**What you will do**:
Retype each record below word for word. Leave the pictures out.

Images for object localization:
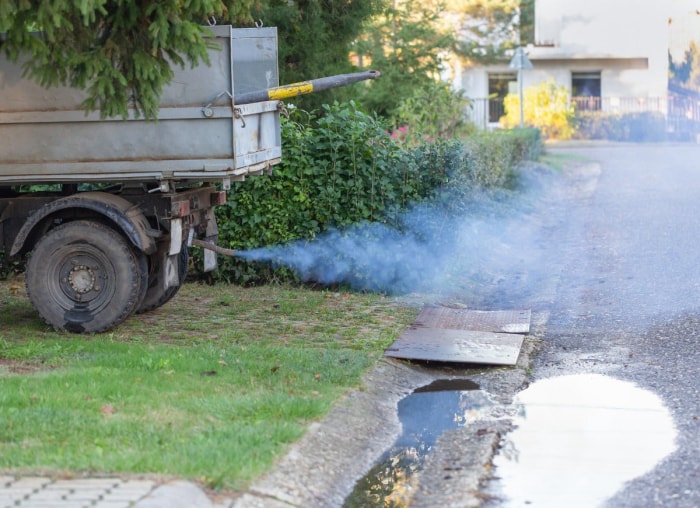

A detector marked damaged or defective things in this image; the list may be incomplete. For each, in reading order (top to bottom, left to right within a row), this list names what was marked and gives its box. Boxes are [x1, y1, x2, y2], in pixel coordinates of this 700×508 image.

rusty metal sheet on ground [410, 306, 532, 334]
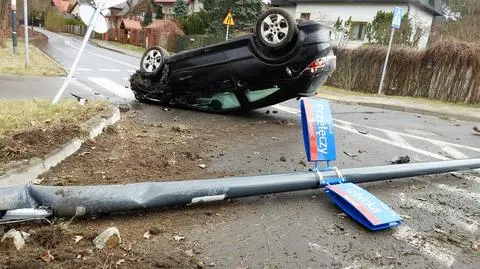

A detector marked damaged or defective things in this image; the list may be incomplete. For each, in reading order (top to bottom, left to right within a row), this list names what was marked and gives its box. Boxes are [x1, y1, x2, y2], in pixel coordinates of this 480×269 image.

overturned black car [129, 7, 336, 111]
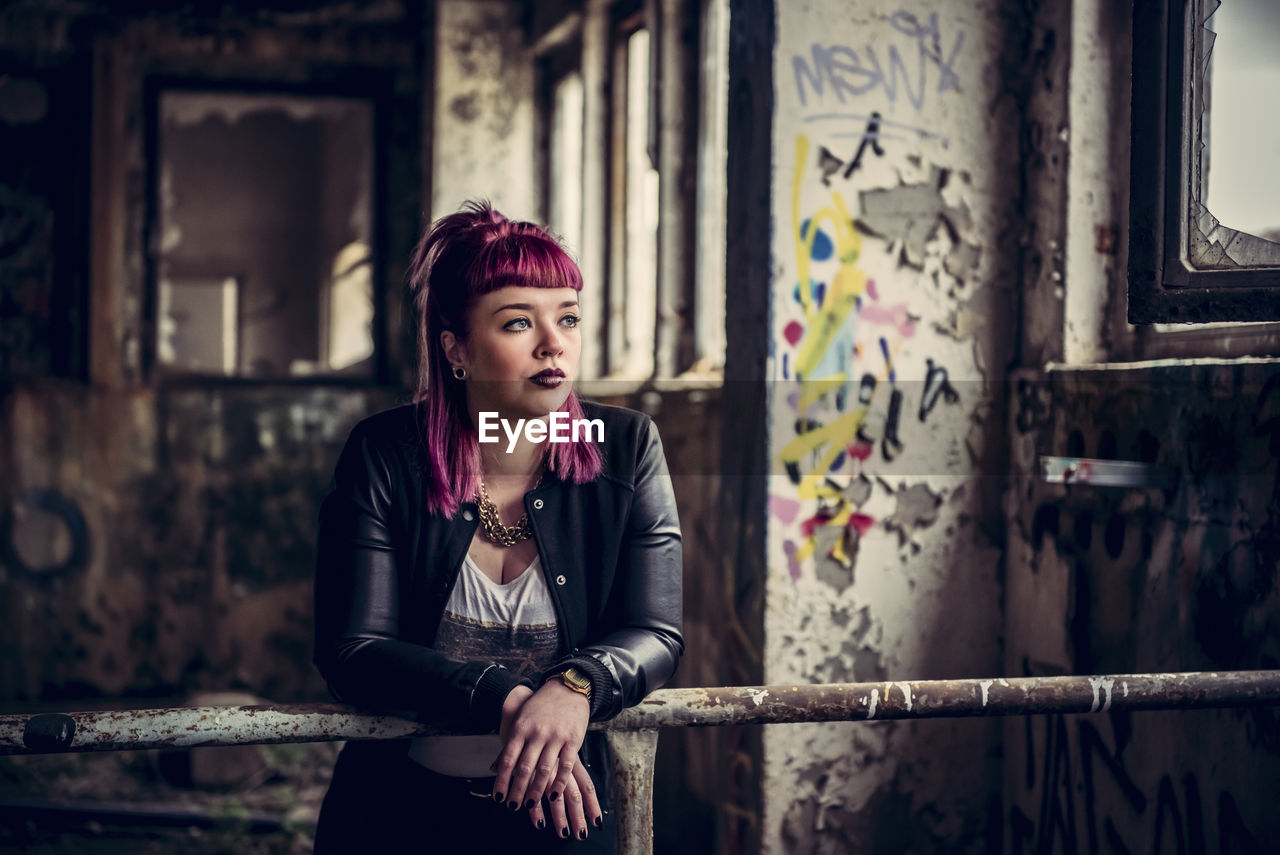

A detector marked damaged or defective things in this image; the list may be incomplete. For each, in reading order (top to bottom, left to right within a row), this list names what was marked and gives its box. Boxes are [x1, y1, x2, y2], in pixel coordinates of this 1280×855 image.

**Response box**:
A detector marked damaged or defective things in this image; the list may be incomplete. For each, in reading order (top to bottom, left to right within a row), this list names what was marked and gives its box. Boxes are [x1, y1, x2, y2], in pixel coordinates of this 700×508 image.

rusty metal sheet on ground [410, 306, 532, 334]

A detector marked damaged or defective things in this image; the list may be incomplete. For each, in reading order (top to bottom, left to right within a row), this list names what was marked and gives its box. Boxes are [x1, y1, x2, y2], in pixel coordinates of this 480×269 image.

overturned black car [129, 7, 336, 111]

A detector marked damaged or defective things in this image; the list may be incomplete. For each, in reading order (top to bottom, left to right within a row), this list names what was marked and gives its box. Boxes are [x1, y1, x2, y2], in pixel coordinates of this 1280×855 image.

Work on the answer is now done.